Run the python scripts

00ExtractNamedTempates.ipynb: Run this notebook to extract all templates from dumps. This process can be slow, for example, in a machine with 8 cores, and 64Gb of Ram, it takes around 24 hours (in total) for the 18 languages listed before.
01Download.ipynb: This scripts download the pre-trained fasttext models. Each model unziped would use around 15Gb of hard drivee.
02alignmentsSpark.ipynb: This script create the alignment matrices for each language pair. The script is create to work in a Spark cluster, but you can modified for using in normal python, replacing the parquet data by a SQL dump from this public table.
03ProduceAlignments.ipynb: This script creates the alignments. It can take around 10 hours to run.

TODOs

Remove hardcoded parameters

The script ProduceAlignments Notebook have few hard coded parameters that should be moved to the config file and adjusted more properly:

Currently we are considering templates that appears at least 50 times in each edition. That number is arbitrary. Increasing the number will result in less templates to be consider. USing that number very low, would include nois (typos) and make the process too slow.

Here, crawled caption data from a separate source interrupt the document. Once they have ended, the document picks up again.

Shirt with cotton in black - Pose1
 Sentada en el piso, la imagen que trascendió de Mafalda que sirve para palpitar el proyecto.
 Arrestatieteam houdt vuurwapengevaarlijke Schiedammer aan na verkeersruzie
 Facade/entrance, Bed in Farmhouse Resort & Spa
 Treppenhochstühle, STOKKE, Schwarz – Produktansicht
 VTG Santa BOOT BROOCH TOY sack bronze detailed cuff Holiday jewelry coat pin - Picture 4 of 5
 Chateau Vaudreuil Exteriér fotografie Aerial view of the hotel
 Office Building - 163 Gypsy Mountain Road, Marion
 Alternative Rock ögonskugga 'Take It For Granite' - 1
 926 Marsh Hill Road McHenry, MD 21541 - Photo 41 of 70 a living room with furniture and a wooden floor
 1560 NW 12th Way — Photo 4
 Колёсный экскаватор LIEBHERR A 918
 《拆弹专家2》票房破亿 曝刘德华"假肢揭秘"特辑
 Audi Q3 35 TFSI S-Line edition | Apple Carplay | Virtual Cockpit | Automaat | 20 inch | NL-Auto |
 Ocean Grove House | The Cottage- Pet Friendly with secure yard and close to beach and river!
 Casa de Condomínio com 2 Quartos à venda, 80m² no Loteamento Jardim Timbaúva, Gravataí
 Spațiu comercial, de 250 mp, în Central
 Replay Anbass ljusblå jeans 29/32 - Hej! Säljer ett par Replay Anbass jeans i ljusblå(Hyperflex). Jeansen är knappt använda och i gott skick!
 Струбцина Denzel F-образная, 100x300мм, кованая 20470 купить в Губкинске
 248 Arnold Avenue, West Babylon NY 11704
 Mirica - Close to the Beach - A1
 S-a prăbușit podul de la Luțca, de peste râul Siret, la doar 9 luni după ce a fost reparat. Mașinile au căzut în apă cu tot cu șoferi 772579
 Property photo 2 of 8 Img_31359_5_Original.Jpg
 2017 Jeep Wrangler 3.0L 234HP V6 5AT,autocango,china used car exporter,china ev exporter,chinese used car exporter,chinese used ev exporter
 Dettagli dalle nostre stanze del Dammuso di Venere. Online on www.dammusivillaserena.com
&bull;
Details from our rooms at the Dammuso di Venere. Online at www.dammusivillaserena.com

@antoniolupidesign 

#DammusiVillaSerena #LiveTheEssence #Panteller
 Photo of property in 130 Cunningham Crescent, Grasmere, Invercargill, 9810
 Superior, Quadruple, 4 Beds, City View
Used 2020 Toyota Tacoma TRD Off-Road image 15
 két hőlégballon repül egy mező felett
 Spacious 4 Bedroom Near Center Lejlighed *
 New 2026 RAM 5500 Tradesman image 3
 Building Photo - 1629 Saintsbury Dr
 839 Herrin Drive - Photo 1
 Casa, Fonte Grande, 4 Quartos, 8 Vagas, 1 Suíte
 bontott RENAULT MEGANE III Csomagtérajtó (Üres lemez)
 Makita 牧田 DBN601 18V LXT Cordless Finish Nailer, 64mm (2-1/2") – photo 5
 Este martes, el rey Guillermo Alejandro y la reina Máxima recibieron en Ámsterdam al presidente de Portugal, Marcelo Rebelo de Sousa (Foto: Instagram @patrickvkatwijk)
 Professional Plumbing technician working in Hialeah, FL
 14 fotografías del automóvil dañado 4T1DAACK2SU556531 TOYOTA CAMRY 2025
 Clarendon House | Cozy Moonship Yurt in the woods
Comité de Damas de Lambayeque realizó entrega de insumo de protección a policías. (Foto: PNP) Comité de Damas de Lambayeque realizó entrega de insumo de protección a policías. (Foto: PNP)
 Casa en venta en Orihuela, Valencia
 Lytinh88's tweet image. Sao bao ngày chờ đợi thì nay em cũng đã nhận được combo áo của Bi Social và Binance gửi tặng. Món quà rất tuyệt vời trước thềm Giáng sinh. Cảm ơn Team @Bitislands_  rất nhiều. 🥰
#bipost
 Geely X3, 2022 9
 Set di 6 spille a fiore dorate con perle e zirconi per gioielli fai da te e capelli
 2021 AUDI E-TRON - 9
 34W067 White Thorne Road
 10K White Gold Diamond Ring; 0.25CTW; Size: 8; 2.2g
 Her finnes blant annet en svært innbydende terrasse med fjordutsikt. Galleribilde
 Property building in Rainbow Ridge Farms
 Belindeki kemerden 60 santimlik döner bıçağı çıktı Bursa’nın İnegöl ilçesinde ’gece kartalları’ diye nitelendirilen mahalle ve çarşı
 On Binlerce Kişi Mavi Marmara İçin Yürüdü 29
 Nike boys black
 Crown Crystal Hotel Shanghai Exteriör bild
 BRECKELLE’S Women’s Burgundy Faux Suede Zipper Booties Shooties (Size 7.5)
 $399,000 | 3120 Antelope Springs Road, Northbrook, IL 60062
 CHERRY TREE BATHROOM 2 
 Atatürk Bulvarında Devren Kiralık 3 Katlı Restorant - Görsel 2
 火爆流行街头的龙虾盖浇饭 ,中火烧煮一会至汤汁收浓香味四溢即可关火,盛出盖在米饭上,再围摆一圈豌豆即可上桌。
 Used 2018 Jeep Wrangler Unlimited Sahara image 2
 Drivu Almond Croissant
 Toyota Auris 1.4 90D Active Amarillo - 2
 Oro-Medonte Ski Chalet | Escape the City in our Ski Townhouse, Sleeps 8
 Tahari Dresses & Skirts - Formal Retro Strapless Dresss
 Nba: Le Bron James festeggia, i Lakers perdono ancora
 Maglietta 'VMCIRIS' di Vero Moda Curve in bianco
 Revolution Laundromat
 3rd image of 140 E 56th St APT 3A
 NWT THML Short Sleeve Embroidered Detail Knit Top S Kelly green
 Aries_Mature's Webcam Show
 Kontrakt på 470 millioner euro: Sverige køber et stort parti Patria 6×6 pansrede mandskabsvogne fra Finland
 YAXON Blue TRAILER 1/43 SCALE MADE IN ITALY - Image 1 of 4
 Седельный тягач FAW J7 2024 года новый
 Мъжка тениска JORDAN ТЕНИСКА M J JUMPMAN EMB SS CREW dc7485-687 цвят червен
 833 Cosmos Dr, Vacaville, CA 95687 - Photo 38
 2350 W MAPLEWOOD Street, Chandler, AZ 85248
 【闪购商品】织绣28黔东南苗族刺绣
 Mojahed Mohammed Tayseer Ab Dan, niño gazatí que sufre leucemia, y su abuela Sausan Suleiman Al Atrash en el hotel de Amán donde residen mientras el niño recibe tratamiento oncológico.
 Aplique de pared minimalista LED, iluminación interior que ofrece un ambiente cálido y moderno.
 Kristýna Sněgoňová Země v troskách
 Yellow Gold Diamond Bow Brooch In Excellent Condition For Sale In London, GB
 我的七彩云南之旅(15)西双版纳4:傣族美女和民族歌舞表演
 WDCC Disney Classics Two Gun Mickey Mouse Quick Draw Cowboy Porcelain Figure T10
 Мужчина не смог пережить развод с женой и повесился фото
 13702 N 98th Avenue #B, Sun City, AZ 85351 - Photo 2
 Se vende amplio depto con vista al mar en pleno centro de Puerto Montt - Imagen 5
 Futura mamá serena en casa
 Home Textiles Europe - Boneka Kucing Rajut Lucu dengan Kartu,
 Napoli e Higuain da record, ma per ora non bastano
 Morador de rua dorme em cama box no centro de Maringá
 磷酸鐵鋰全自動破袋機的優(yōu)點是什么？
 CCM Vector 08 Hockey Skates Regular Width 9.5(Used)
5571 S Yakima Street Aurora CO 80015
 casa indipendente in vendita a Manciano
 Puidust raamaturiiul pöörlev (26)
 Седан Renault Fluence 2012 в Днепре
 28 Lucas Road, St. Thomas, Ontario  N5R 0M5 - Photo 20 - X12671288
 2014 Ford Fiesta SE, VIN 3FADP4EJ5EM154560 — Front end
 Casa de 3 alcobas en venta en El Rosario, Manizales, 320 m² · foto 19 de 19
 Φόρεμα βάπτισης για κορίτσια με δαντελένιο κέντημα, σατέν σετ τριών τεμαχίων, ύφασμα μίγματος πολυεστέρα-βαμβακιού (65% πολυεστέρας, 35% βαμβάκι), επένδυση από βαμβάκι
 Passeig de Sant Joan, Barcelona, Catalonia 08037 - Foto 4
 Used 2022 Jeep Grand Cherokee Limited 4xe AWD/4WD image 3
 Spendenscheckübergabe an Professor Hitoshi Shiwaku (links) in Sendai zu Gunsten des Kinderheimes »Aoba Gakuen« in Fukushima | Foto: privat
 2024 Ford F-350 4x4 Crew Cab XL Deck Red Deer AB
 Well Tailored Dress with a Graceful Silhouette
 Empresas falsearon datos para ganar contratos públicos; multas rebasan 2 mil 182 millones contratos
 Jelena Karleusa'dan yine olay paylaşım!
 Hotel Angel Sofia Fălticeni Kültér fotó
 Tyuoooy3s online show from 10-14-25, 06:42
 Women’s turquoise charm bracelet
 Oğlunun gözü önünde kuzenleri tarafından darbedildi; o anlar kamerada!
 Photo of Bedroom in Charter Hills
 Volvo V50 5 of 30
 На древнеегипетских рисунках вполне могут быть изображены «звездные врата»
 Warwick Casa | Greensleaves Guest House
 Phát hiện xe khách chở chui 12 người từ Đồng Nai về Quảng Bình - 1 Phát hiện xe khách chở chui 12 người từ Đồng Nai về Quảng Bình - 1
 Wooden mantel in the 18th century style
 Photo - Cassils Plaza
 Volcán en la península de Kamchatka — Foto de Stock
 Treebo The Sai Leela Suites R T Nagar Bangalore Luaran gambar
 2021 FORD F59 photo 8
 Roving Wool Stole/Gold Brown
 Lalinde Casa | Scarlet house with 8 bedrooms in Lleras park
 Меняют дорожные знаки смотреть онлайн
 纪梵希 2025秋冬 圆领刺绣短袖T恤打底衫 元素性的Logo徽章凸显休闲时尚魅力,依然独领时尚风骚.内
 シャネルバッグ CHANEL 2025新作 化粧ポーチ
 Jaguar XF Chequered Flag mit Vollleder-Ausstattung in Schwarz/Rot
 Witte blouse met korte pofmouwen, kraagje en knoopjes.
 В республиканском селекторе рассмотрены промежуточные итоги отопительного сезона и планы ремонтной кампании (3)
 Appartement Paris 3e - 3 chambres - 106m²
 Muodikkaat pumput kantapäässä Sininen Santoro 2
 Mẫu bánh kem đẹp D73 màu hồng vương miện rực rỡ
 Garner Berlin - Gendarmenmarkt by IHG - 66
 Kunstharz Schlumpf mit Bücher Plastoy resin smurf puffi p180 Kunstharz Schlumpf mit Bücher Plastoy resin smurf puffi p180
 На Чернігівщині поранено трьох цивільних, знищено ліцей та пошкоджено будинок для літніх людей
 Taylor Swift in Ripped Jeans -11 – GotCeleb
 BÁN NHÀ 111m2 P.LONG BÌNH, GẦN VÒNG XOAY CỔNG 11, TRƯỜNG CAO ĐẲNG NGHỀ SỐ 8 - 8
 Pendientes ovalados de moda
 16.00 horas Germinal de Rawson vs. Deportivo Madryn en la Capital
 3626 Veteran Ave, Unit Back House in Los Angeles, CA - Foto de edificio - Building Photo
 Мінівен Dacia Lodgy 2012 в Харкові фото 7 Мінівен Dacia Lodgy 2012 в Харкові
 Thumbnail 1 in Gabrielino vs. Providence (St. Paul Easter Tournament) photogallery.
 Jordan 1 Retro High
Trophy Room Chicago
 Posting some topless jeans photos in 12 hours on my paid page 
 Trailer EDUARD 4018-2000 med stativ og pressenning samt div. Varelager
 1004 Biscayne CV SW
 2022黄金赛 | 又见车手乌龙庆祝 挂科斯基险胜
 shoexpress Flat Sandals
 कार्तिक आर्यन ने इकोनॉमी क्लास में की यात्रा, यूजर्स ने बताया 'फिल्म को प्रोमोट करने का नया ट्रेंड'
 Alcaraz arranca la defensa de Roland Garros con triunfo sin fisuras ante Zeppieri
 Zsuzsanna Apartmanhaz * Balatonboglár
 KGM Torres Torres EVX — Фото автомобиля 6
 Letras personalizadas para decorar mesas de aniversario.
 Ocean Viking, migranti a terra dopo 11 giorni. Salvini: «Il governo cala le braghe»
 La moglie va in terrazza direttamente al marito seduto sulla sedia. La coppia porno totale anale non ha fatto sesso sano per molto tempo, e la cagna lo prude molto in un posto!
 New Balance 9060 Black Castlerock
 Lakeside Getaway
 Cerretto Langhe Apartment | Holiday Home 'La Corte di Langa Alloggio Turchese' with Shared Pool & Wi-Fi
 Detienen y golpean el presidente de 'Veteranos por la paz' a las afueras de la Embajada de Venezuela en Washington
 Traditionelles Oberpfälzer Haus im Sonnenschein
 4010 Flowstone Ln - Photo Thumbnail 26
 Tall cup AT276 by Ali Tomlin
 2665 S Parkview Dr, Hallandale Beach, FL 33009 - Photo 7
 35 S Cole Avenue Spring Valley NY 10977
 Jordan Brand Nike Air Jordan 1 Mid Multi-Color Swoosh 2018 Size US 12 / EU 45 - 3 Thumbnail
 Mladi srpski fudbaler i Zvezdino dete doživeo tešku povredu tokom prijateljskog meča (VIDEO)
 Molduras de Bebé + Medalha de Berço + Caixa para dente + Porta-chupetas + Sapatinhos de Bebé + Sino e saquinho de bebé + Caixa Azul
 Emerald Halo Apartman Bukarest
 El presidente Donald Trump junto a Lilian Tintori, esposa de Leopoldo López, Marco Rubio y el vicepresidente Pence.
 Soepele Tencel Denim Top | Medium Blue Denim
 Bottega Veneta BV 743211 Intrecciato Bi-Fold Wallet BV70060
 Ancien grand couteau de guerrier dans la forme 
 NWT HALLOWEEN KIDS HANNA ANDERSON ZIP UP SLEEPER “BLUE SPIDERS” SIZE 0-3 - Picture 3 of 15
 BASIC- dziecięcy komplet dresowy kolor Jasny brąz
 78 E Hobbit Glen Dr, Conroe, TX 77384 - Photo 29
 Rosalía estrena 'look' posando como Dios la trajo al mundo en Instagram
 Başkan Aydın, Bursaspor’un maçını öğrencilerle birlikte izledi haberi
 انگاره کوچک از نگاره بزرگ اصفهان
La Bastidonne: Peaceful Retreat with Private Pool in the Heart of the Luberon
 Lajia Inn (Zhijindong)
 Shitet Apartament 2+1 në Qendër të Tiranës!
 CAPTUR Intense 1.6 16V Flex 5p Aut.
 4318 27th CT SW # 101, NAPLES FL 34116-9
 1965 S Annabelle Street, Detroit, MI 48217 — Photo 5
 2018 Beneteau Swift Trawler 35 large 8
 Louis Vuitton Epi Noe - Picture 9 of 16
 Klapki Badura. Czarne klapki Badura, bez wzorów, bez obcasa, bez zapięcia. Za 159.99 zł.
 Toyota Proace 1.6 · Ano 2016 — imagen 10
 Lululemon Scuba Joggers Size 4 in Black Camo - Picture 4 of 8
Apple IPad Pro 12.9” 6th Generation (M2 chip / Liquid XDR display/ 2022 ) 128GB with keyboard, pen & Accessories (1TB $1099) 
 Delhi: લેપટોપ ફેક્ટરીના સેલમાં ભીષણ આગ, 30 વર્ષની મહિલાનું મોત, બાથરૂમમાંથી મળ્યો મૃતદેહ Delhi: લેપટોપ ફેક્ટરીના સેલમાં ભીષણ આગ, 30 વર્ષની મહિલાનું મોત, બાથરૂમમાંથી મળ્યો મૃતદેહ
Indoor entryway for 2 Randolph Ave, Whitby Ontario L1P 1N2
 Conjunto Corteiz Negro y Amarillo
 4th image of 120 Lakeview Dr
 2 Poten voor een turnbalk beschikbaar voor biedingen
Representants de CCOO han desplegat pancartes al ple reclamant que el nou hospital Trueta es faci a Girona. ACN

templates1Popular = dict([ (name,data)for name,data in templates1.items() if data['Tcount'] >50 ])

The number of parameters considered is also hardcoded, now we are considering paramters that appears at least the 30% that the template is used. The tradeoff of moving this number is similar with the previous case:

template1['params'] = [x[0] for x in template1['Params'].items() if x[1]/len(template1['Params']) > .3] #appears at least X% of times

The minimum similarity accepted to validate an alignment is also arbitrarily defined at .45

 if dist < .45:

To learn to correct value for all this parameters we need some ground-truth that is currently missing.